Ou entendemos que a conservação ambiental e a diversidade cultural são condicionantes para a manutenção da existência, ou seremos sugados pelas dragas da autodestruição

7 de fevereiro de 2023 · 2 anos atrás
  • LEGAL

    Laboratório de Estudos Geopolíticos da Amazônia Legal

  • Melissa Curi

    Doutora em Antropologia, pesquisadora do Laboratório de Geopolítica da Amazônia Legal (LEGAL), Diretora de Educação do Instituto Brasileiro de Desenvolvimento e Sustentabilidade - IABS

Estamos assistindo perplexos as consequências funestas de políticas de governo que abandonaram os cuidados com a saúde do povo indígena Yanomami, e incentivaram o garimpo ilegal nessas terras, localizadas entre os estados de Roraima e Amazonas. A população contaminada pelo mercúrio chora os seus mortos e seus doentes, e ações governamentais e humanitárias emergenciais são necessárias para conter o genocídio em marcha.

A questão da exploração de minérios em terras indígenas é um assunto que acompanha todo o processo histórico de invasão dessas áreas. No início da colonização até meados do século XIX, a questão indígena estava centrada na figura do índio, ou seja, no questionamento sobre sua humanidade e nas ações violentas de catequização e escravização. Após esse período, a questão indígena passou a ser, principalmente, um assunto relacionado à terra. Processos demarcatórios inacabados, tentativas de diminuir os direitos indígenas sobre seus territórios, conflitos, exploração ilegal de madeira e de recursos minerais em terras indígenas e mais uma lista extensa de atos violentos e de despeito aos povos originários.

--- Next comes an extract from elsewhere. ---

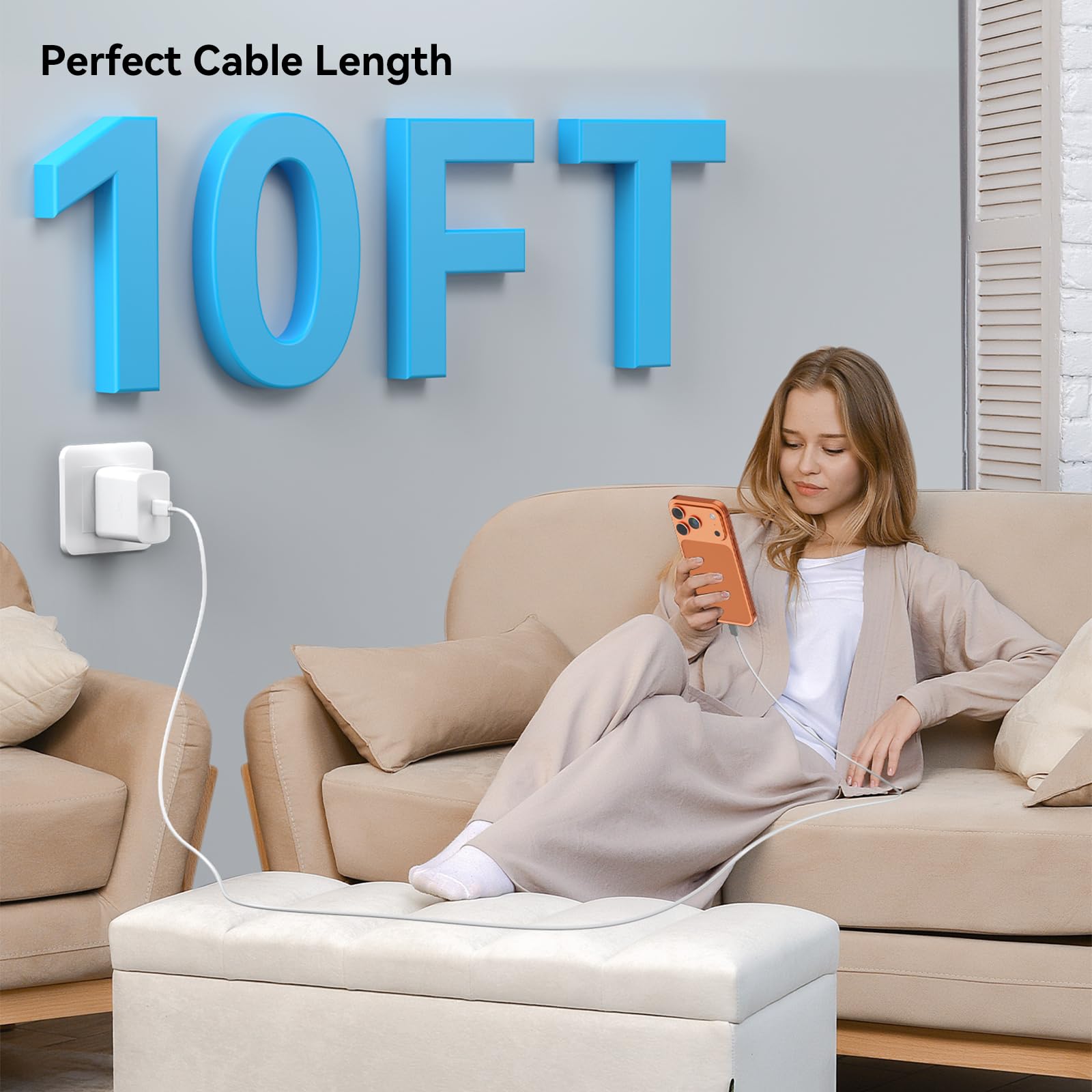 Cargador de teléfono 15 Pro MAX de Carga rápida, Cargador USB C súper rápido de 45 W para iPhone 15 Pro MAX de 10 pies, Cable de Carga Tipo C con Bloque de Carga rápida para iPhone 15/15 Pro/15 Pro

Existem projetos de lei sobre mineração em terras indígenas tramitando no Congresso Nacional desde o início da década de 1990. As previsões constitucionais sobre a matéria encontram-se nos artigos 176, § 10 e 231, § 30. Com isso, a Constituição Federal requer uma análise conjunta dos requisitos e restrições das atividades minerárias e garimpeiras, quando elas acontecem nessas áreas. 

O texto constituinte não deixa dúvidas de que mineração e garimpo são atividades diferentes e que a segunda é proibida em terras indígenas. Em relação à mineração formal, embora exista uma previsão de regulamentação, há a exigência de cumprimento de três requisitos cumulativos: 1) autorização do Congresso Nacional; 2) oitiva das comunidades indígenas afetadas; 3) garantia aos indígenas de uma participação nos resultados da lavra. 

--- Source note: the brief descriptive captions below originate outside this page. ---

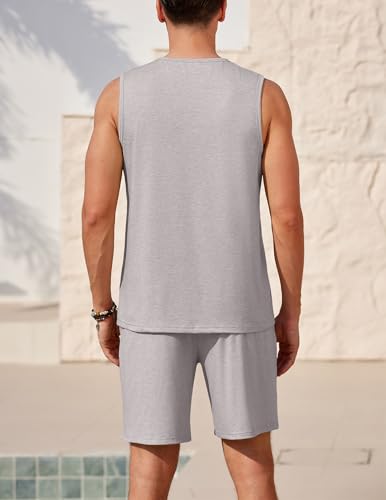 Ekouaer Men's Pajamas Set Workout Tank Top Pjs Sets with Shorts 2 Piece Soft Sleeveless Casual Sleep Shirts Loungewear S-XXL3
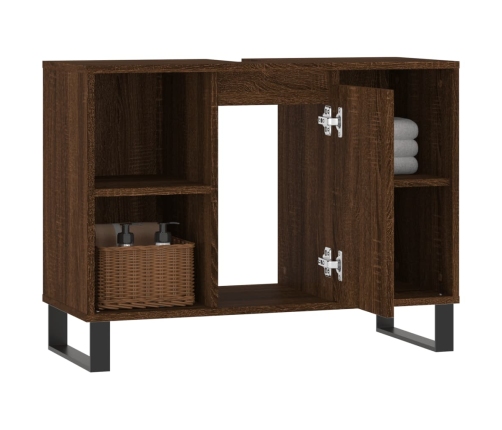 Mueble de baño madera de ingeniería roble marrón 80x33x60 cm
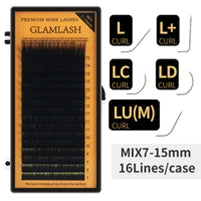 GLAMLASH L+/LC/LD/LU(M)/N Curl 7~15mm MIX 16rows/Case Mink Eyelash Extension Individual Lashes Soft False Eyelashes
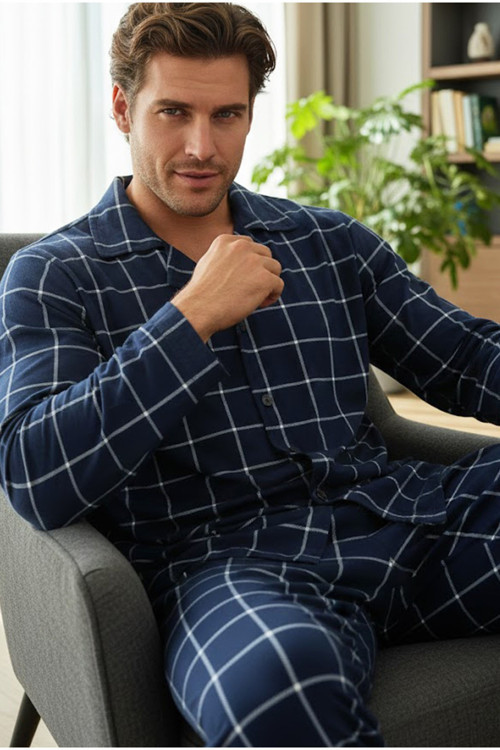 Erkek Ekoseli %100 Pamuklu Örme Düğmeli Pijama Takım 7985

O caráter restritivo da Constituição se dá pelo reconhecimento de que a exploração de minérios em terras indígenas é altamente impactante para o meio ambiente e para as comunidades, deixando um rastro negativo de externalidades, muitas vezes irreversíveis, que se perpetuam no tempo.

Associada a outras práticas degradantes, como desmatamento, contaminação dos rios, alcoolismo e prostituição, o garimpo faz parte de uma rede de atores composta não apenas por garimpeiros, mas também por políticos, contrabandistas, atravessadores, empresários e, em alguns casos, infelizmente, por lideranças indígenas cooptadas.

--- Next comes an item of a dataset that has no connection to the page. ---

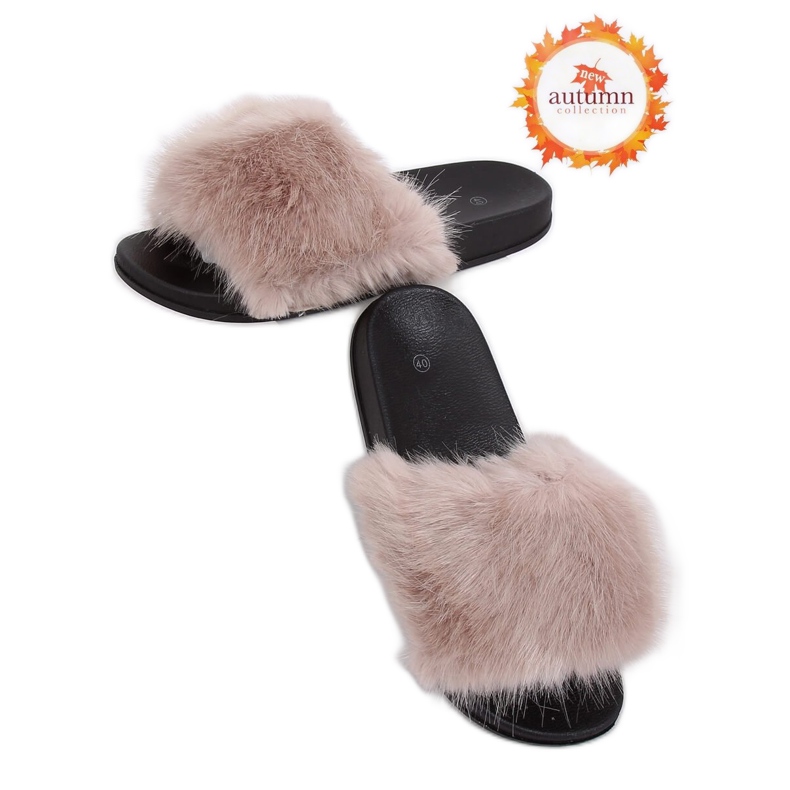 Béžové pantofle s kožešinou CK107P Béžová béžový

Segundo o MapBiomas (2020), as principais áreas de garimpo em terras indígenas estão na Amazônia brasileira – nas terras dos povos Munduruku e Kayapó, no estado do Pará, e na Terra Indígena Yanomami, que se estende entre os estados de Roraima e Amazonas. Entre 2010 e 2020, a atividade garimpeira cresceu cerca de 500% em áreas indígenas e, com esse crescimento, aumentou exponencialmente a contaminação dessas populações por mercúrio, visto que o garimpo ilegal de ouro é o mais usual na Amazônia e nas terras indígenas.

Sobrevoo regista áreas de garimpos ilegais dentro da Terra Indígena Yanomami, em Roraima, em abril de 2021. Foto: Reprodução

O Projeto de Lei (PL) mais recente sobre o tema e, certamente, o mais impactante, é o PL 191/2020, apresentado pelo próprio Executivo. O então presidente Jair Bolsonaro, que enaltecia a atividade garimpeira do pai nos garimpos de Serra Pelada, no Pará, não mediu esforços para tentar liberar esse tipo de atividade em terras indígenas, sendo, inclusive, uma das suas promessas de campanha. Seus discursos a favor do garimpo e de outras atividades exploratórias na Amazônia provocaram uma intensificação da presença de garimpeiros na região e de invasão das terras indígenas e de Unidades de Conservação. 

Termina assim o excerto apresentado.